As porteiras das catorze aldeias permanecem fechadas, enquanto o trabalho na barreira da entrada de Cumuru (como o distrito da cidade de Prado é chamado carinhosamente pelos moradores) é constante. Durante o dia, agentes de saúde do município de Prado, funcionários da prefeitura e indígenas ficam no posto. À noite, o monitoramento do bloqueio fica por conta de moradores voluntários do povoado.
Mesmo com todas as restrições de acesso, uma moradora de Cumuru contraiu o novo coronavírus. A mulher, que tem um marido idoso e está em isolamento em sua casa, diz que esteve três vezes em Prado, em busca de atendimento médico, mas não conseguiu.
‘NOSSOS ANCIÕES E CRIANÇAS ESTÃO COM MEDO’

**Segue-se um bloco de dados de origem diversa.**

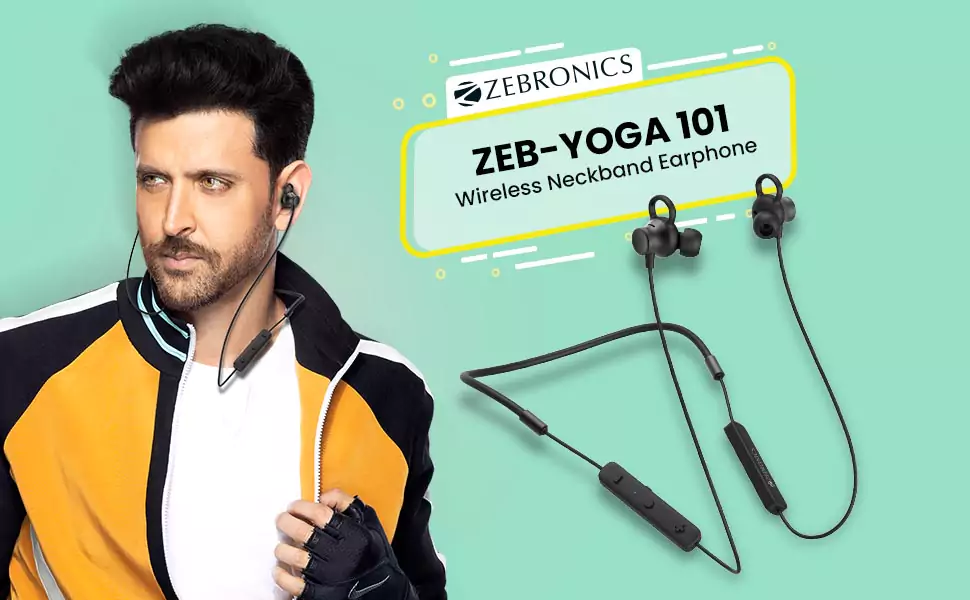 Zebronics Zeb Yoga 101 Neckband Wireless Playback Time 7H, 10mm Neodymium Driver, Dual Pairing, Magnetic Earpiece and Voice Assistant | zopic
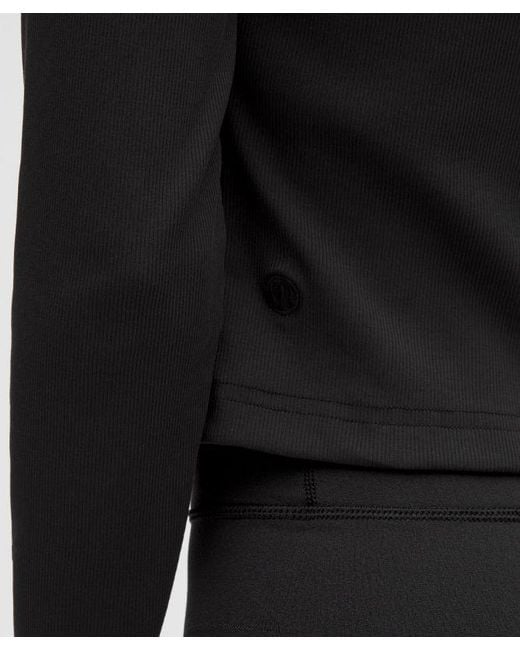 lululemon athletica Black – Little Ribbed Long-Sleeve Tee – – Size Large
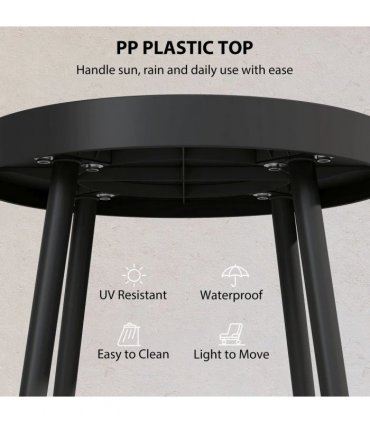 Outsunny 49.5 cm Round Garden Table, Small Outdoor Coffee Side Table with Plastic Tray-Style Top, Metal Legs, Black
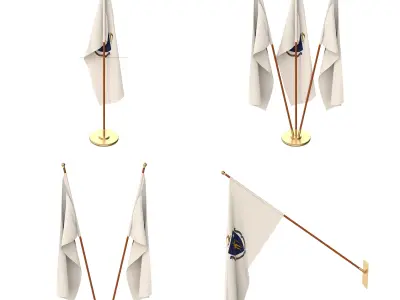 Massachusetts Flag Pack 3D model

A Terra Indígena Barra Velha, que está dentro dos municípios de Porto Seguro, Prado e Itamaraju, também no sul da Bahia, tem pelo menos cinco aldeias com barreiras sanitárias. A preocupação dos indígenas da região é que a doença — que já se instaurou nos municípios vizinhos — chegue às aldeias.
Na sexta-feira (29), o governo do estado da Bahia já contabilizava 16.917 casos confirmados de coronavírus e 609 mortes. Itamaraju tem, de acordo com a Secretaria de Saúde da Bahia, 98 casos confirmados. Em Porto Seguro, até agora, foram 89 casos; em Prado houve 10 confirmações.
“Estamos o tempo todo orientando aos indígenas que não se desloquem até Itamaraju, porque lá a situação está tensa, começando a ficar fora de controle”, diz Dario. “O povo nas aldeias está com medo. Nossos anciões, as crianças estão preocupadas”.